Еще одно преимущество этого теста для выявления АФА — возможность обнаружения антител к домену 1 β2-гликопротеина I. После связывания β2-гликопротеина I с отрицательно заряженными иммобилизованными анионными фосфолипидами посредством домена 5 домен 1 образует «верхнюю» часть открытой формы β2-гликопротеина I, которая взаимодействует с АФА. Благодаря высокой плотности гидрофильных участков фосфолипидов на мембране МЛД домены 4 и 5 участвуют в связывании иммобилизованных фосфолипидов и более не доступны для взаимодействия с АФА[25, 26].
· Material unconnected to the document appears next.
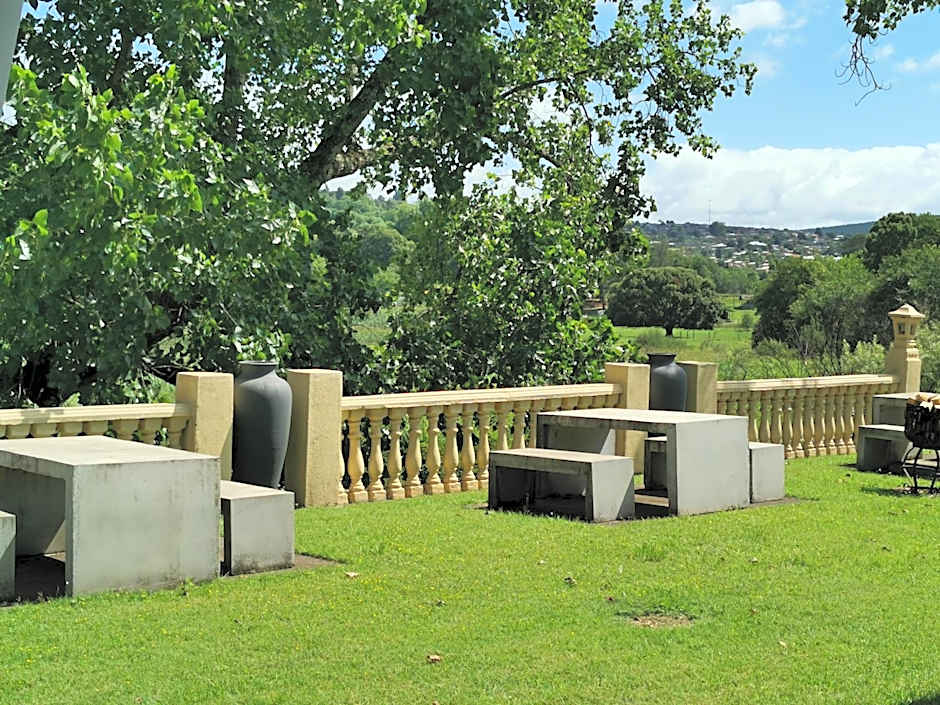 Floreat Riverside Lodge and Spa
Наши данные указывают на то, что МЛД для выявления АФА можно рекомендовать как эффективную мультипараметрическую тест-систему для одновременного полуколичественного обнаружения спектра АФА в одном образце. Уникальные свойства МЛД позволяют рассматривать его как инструмент для оценки риска развития клинических проявлений АФС.
ЗАКЛЮЧЕНИЕ
Информативность тест-систем для обнаружения антител к кардиолипину и β2-гликопротеину I методом иммуноферментного анализа в диагностике антифосфолипидного синдрома остается спорной ввиду сложности их стандартизации. В настоящем обзоре мы оценили возможности новых методов выявления антифосфолипидных антител, преимущества которых заключаются в улучшении параметров сорбции антигенов, автоматизации, мультиплексном подходе. Новые методы могут способствовать повышению точности диагностики аутоиммунных заболеваний.